Part 4 discusses the economic value of building a team brand. Some teams such as the Cubs, Yankees, and Cardinals, realize a revenue cushion in form of loyalty of their fans in years when the team is less than competitive. AS a result of the latter, teams with strong brands are ore likely to spend to win because their revues sag less in down years. Also, there is a theory of a 3 phase program to build a brand (1) BUILD CREDITABILITY though ownership showing a commitment to win, team never quits, Front Office acquires several big name free agents (2) COMPELLING ENTERTAINMENT VALUE - ownership demonstrates their commitment to win in part 1 by adding more big name players, the farm system begins to produce a few quality players to go with their free agents, and as a result fans begin to feel optimism. Also, entertainment value can be increased by a new ball park, or add attractions to the park for families (3) CREATING AN EMOTIONAL BOND WITH FANS Fans believe that the owners are want to win as much they do, team maintains continuity with key players, team has several "likable" players, Ballpark has feel of a baseball theme park, team owns their own broadcast network so they not only have control of how information is presented they have the ability to bring back legends to call the game
Finally, the book has some fun, and discusses some unique topics such as the YES Network, and the effect it has had on every MLB team to broadcast their games. There is a chapter devoted to Babe Ruth, and how he would be valued in today's game. The author even pokes holes in the "Moneyball" philosophy of Billy Beane. First, he believes Beane's on ego hurt him in that he let the cat out of the bag too soon by writing "Moneyball", and basically rubbing his success in everyone's face. Another flaw is that Beane does not give enough credit to the players on the team that are not homegrown, or in other words the homegrown kids alone would not have been able to win solely on their own. Finally, Beane lets go of his arbitration players too soon. Yeah, he gets more value back this way, but why give up a Hudson, Zito, and Blanton when they have still have a chance to go far in the playoffs. Is an extra draft pick really enough of a reason to give up a chance at winning the World Series.

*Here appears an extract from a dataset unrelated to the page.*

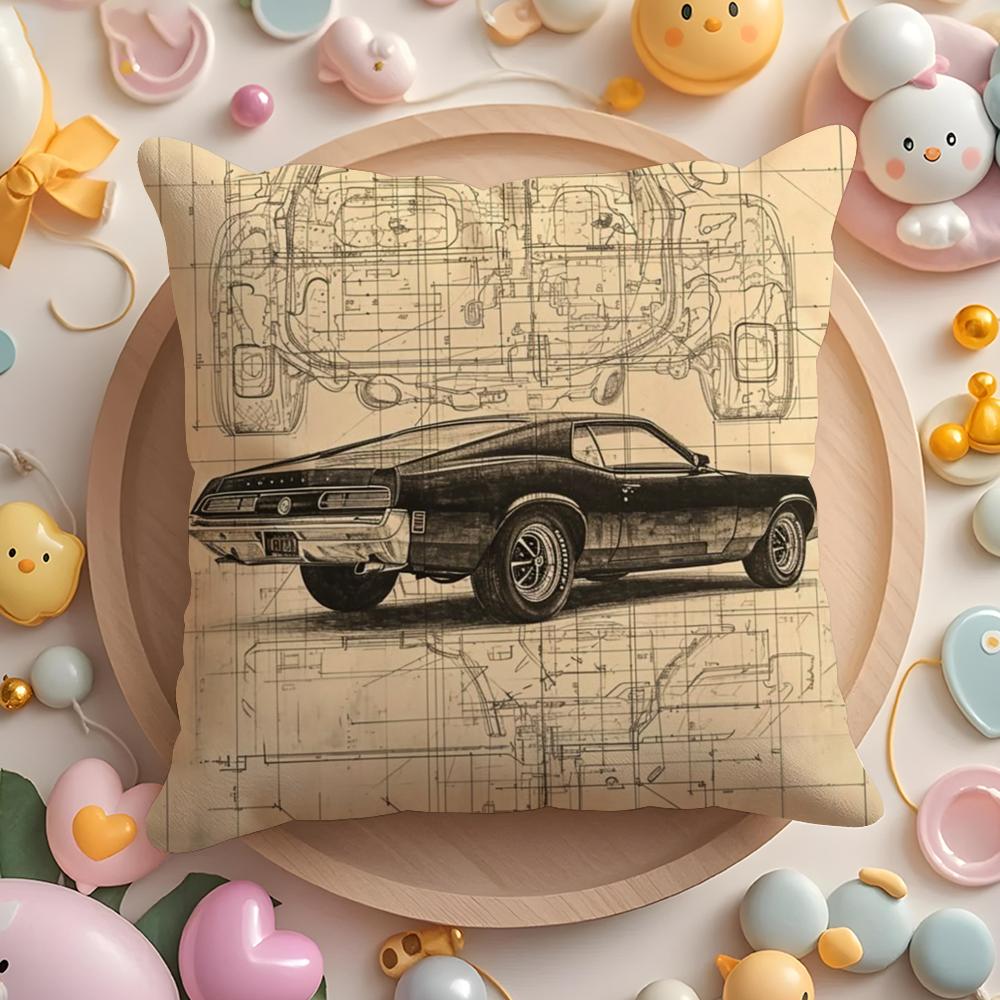 Da Vinci Inspired Sketches Cushion Cover Plush Fabric Soft Double-Sided Printed Sofa Warm Winter Home Gift Pillow Cover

Diamond Dollars is a phenomenal book, and I would recommend it to anyone who wants to understand theories about the Front Office. Its nice to see well thought out theories backed up with real data. However, this not a book to read on the beach or for leisure. Each section is very similar to reading an article in an academic journal. Therefore, I would recommend to read about 20 to 30 minutes at a time so your brain can absorb what you just read. You can read it in one sitting, but it would be a waste.